Gorsuch's confirmation vote will be on Friday.
Senate Majority Leader Mitch McConnell (R., Ky.) said the "unprecedented" filibuster warranted changing the rules so a simple majority, rather than a 60-vote threshold, could end the Democratic blockade of Gorsuch.
"Our Democratic colleagues have done something today that is unprecedented in the history of the Senate," McConnell said. "Unfortunately, it has brought us to this point. We need to restore the norms and traditions of the Senate and get past this partisan filibuster."
The move came after Senate Majority Leader Chuck Schumer (D., N.Y.) vowed to use any means necessary to prevent Gorsuch's confirmation in retaliation for Republicans' refusal to hold confirmation proceedings for President Barack Obama's nominee, Judge Merrick Garland.
Sen. Chris Coons (D., Del.) announced Monday he would join the filibuster, reversing his prior position that any nominee deserved an up or down vote. Coons gave the Democrats enough votes to sustain a filibuster and block Gorsuch, who was unanimously confirmed to the 10th Circuit Court of Appeals in 2006, from replacing the late Justice Antonin Scalia on the high court.
Schumer made parliamentary inquiries on the Senate floor in order to point out the historic nature of the nuclear option.
"Of the last 26 nominations of justices confirmed to the Supreme Court going back to 1954, how many were confirmed without a roll call vote or received more than 60 votes in support of their nomination either on cloture or on confirmation?" Schumer asked.
"The secretary of the senate's office confirms that 25 of 26 nominees were confirmed in one or another of the manners so described," presiding Sen. Deb Fischer (R., Neb.) responded.

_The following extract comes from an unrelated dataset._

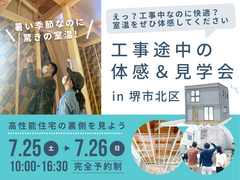 【堺市北区】7/25・26！ 高性能住宅の見えなくなる部分を見学☆工事途中の見学会のメイン画像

Thursday's vote was not without precedent for federal judicial nominations. Democrats invoked the nuclear option in 2013 to help confirm several controversial Obama nominees to federal courts. Schumer pointed out that vote only applied to lower courts, rather than the Supreme Court.
The rules change earned applause from conservative groups. The Judicial Crisis Network, which has spent more than $10 million on a campaign to confirm Gorsuch, said Schumer's obstruction warranted the rule change, which would restore "the Senate to its tradition of up or down votes for Supreme Court nominees."
"Fifteen years ago Senator Schumer fundamentally changed the U.S. Senate by regularly deploying the filibuster to obstruct judicial nominations. He took it to another level with Judge Gorsuch, engaging in the first partisan filibuster of a Supreme Court nominee in history," said Carrie Severino, the group's chief counsel, in a statement. "Leader McConnell and his Republican colleagues deserve an enormous amount of credit for finishing the deplorable practice that Senator Schumer started."
The Democratic Party is already fundraising off of the vote. Party Chairman Tom Perez issued an appeal to voters on Thursday afternoon asking for donations to help Democratic Senate candidates in 2018.
"Neil Gorsuch did not have the 60 votes needed to be confirmed to the Supreme Court. But rather than changing the candidate and finding someone worthy to sit on the Court -- someone who isn't indebted to corporations or billionaire backers, someone who believes in protecting the rights of workers, women, and LGBT people -- they decided to invoke the 'nuclear option' and confirm him to a lifetime appointment on a 51-vote Republican majority," Perez said. "Let's throw them out. Pitch in $3 or whatever you can to help elect Democrats and take back the Senate."
Republican National Committee Chairwoman Ronna McDaniel shot back in a release that voters "chose President Trump to pick the next Supreme Court Justice." Exit polls showed that 21 percent of all voters said that judicial nominations were the most important issue informing their presidential vote in 2016.
"By nominating Judge Neil Gorsuch he [Trump] picked a mainstream conservative with unparalleled bipartisan support," McDaniel said in a statement following the vote. "By participating in an unprecedented partisan filibuster Senate Democrats are making clear they are more interested in political grandstanding than doing what’s best for the people they were elected to represent."
Gorsuch is expected to be confirmed on Friday.